» Dataset records:
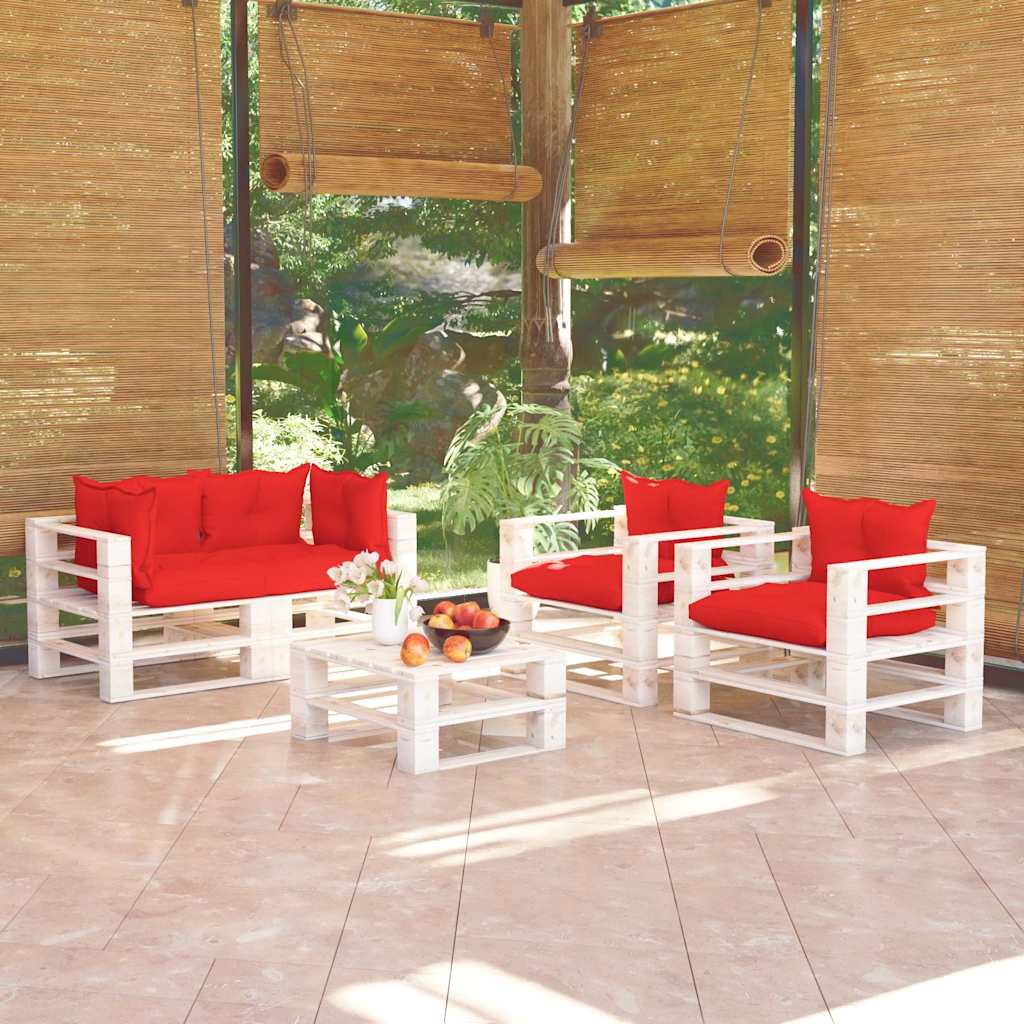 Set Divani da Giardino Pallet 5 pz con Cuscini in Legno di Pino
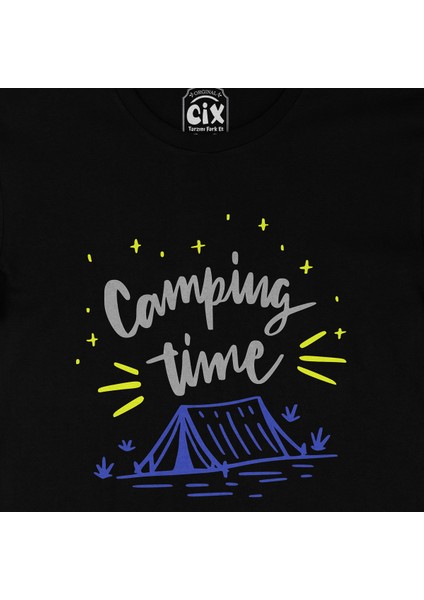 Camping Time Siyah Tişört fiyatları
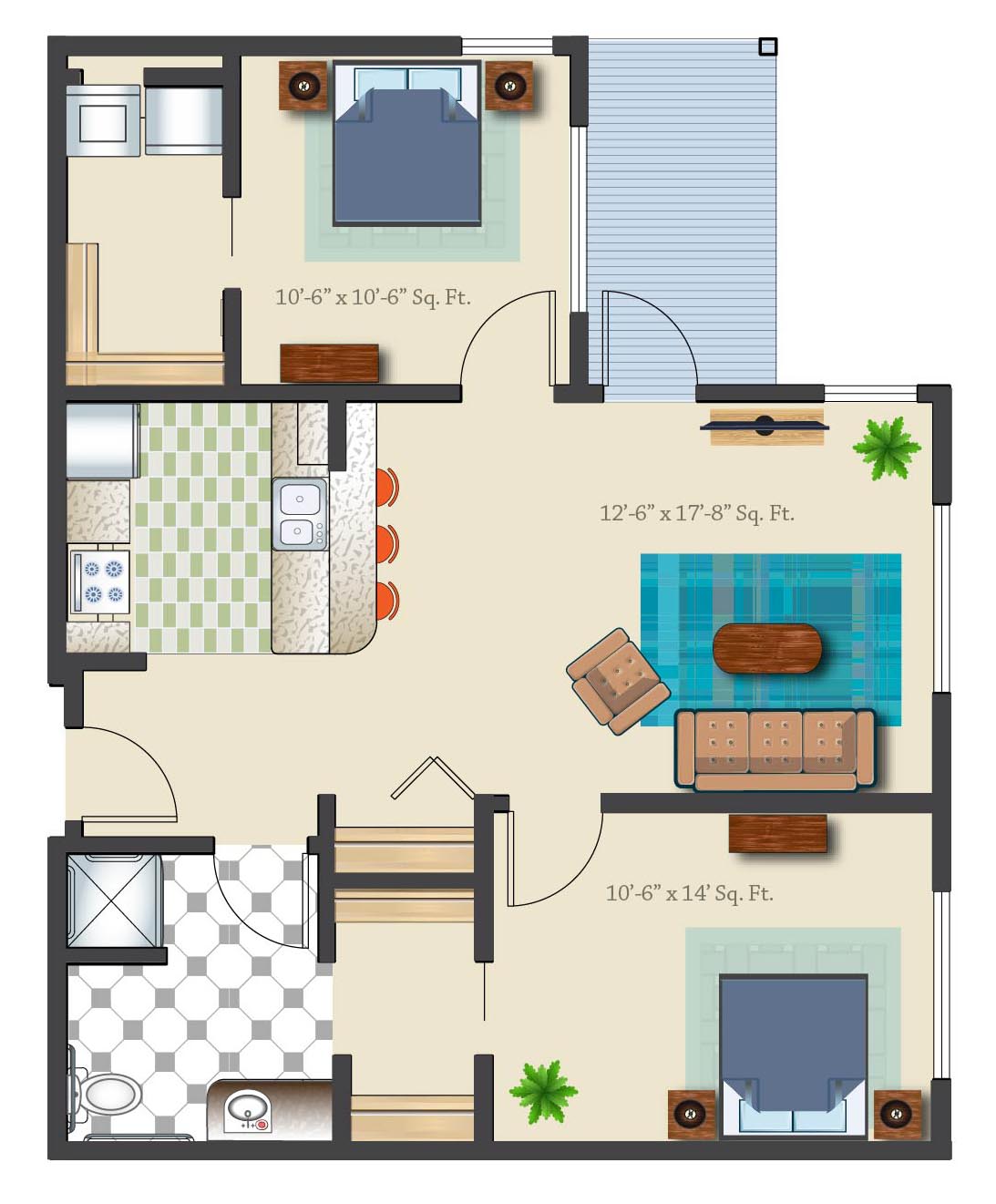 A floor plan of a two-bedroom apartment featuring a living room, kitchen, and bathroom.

...

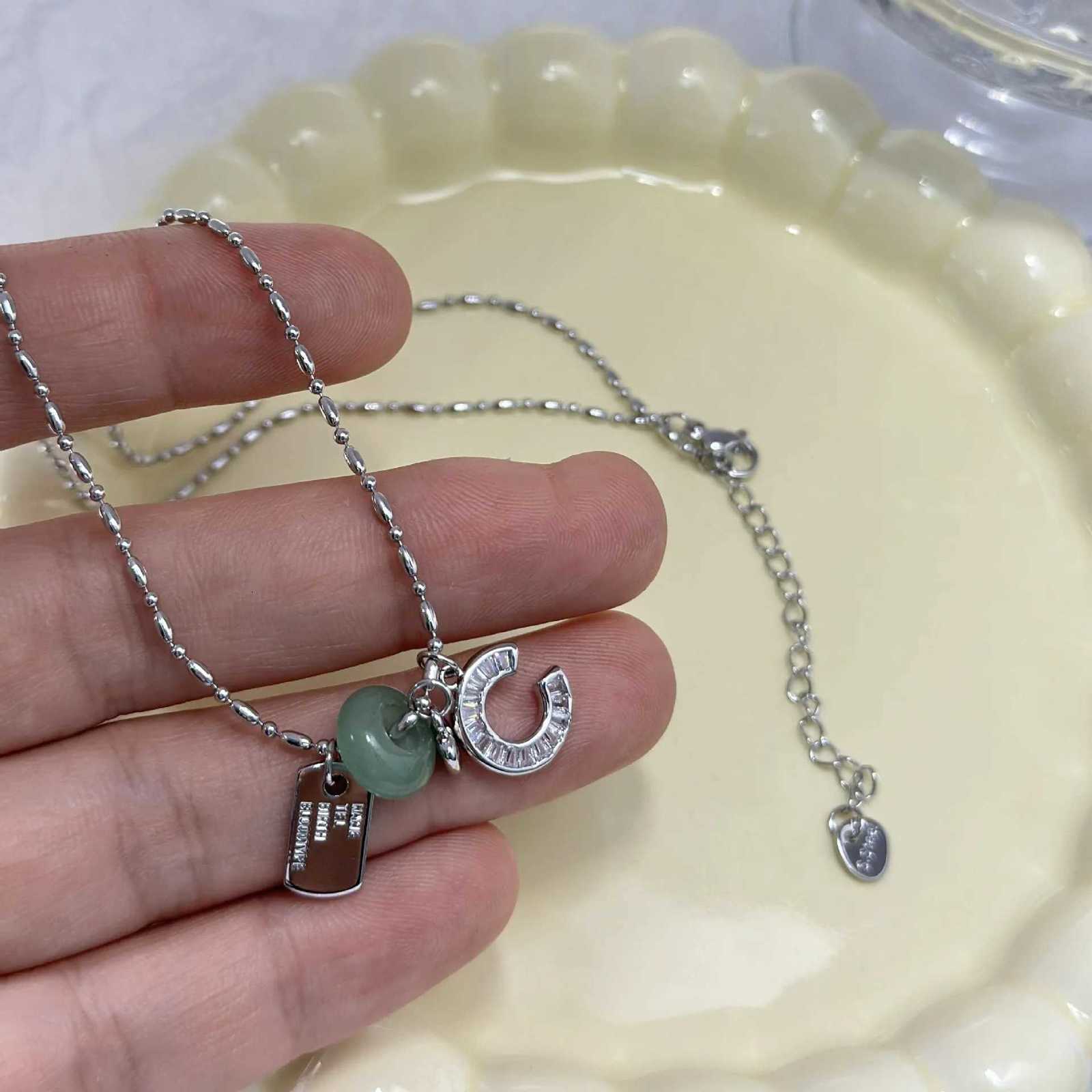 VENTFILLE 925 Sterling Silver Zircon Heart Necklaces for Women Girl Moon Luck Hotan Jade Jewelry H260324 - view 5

» What the task asks:
Without the pictures, give again exactly the lines above starting at the line containing "Set Divani da" and ending at the line containing "A floor plan".

» Output of the task:
 Set Divani da Giardino Pallet 5 pz con Cuscini in Legno di Pino
 Camping Time Siyah Tişört fiyatları
 A floor plan of a two-bedroom apartment featuring a living room, kitchen, and bathroom.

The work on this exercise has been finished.